* What you should do
Reproduce only the lines below from the line containing "18k Yellow Gold" to the line containing "15 Drawers Rolling", exactly as written, with both end lines kept. Omit the pictures.

* Material for this task
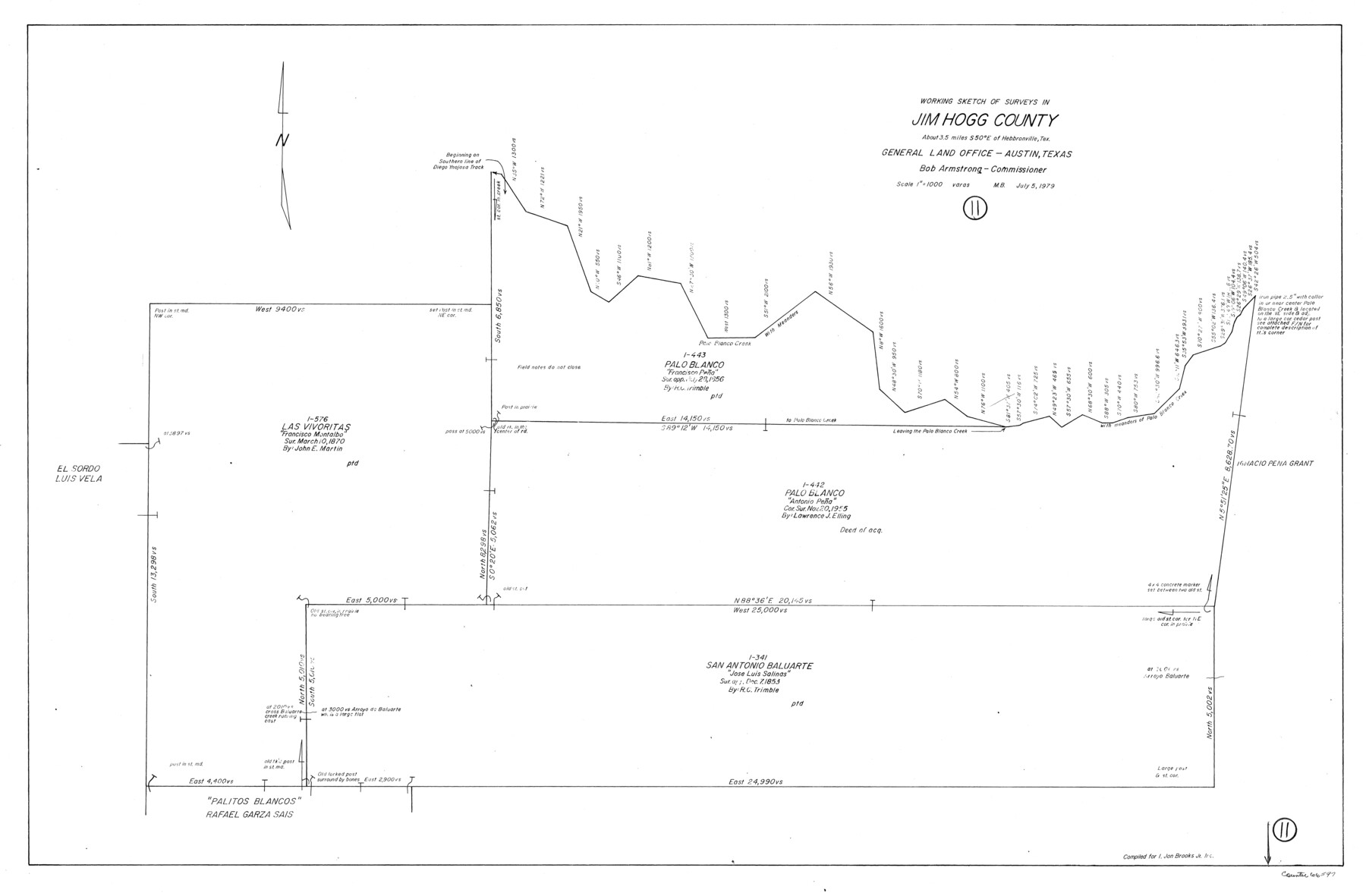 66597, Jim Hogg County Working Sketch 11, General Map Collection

---

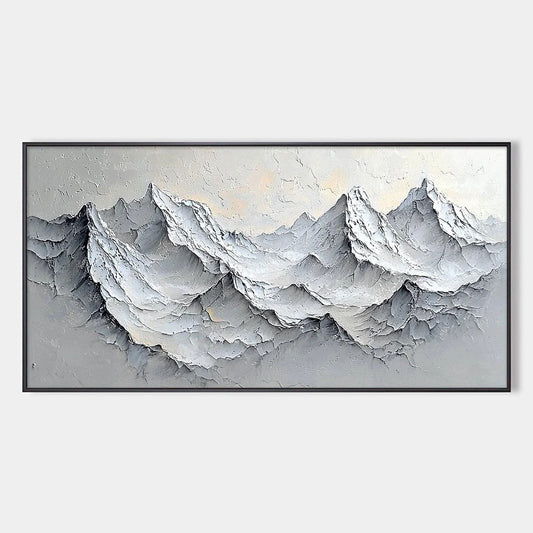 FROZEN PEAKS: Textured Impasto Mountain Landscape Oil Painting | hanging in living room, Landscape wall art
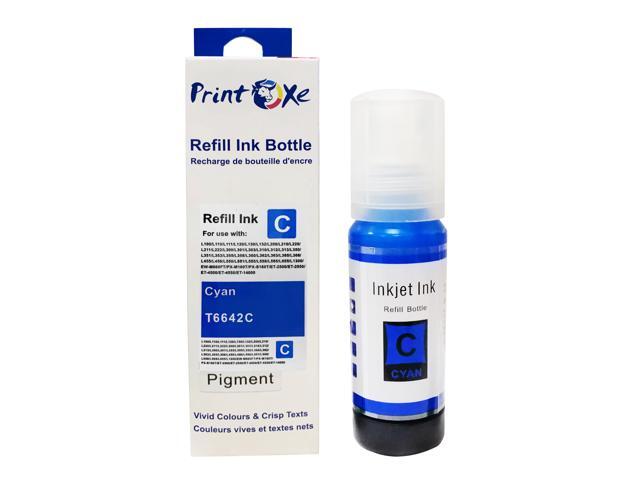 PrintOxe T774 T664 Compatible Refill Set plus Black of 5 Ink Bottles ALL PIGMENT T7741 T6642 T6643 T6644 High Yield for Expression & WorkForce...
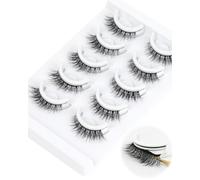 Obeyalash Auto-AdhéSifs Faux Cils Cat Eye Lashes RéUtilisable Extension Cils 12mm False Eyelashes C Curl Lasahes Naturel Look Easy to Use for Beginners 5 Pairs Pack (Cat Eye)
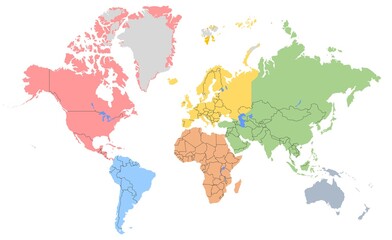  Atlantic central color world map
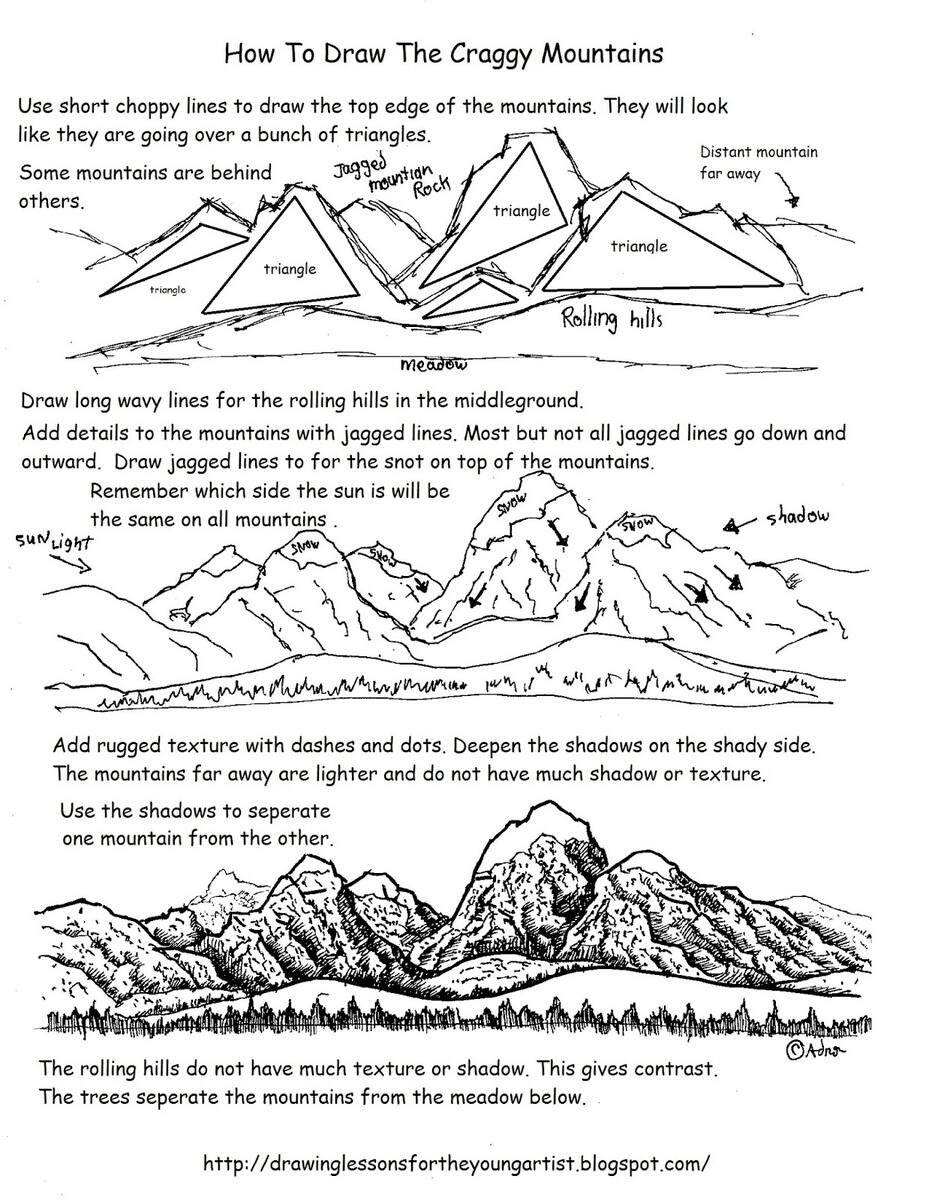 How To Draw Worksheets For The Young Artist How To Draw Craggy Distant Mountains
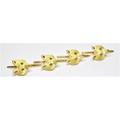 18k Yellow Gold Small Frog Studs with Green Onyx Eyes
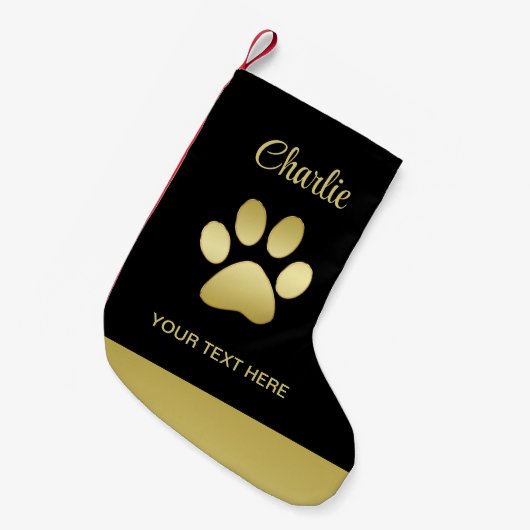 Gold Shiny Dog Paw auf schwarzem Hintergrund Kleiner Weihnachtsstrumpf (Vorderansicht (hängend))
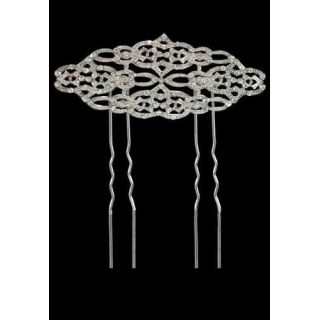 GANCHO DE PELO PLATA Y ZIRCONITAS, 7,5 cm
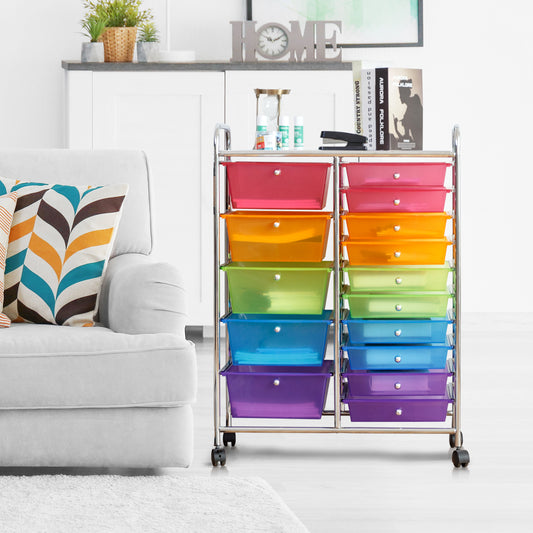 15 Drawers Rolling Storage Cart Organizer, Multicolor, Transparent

* Answer to this problem
 18k Yellow Gold Small Frog Studs with Green Onyx Eyes
 Gold Shiny Dog Paw auf schwarzem Hintergrund Kleiner Weihnachtsstrumpf (Vorderansicht (hängend))
 GANCHO DE PELO PLATA Y ZIRCONITAS, 7,5 cm
 15 Drawers Rolling Storage Cart Organizer, Multicolor, Transparent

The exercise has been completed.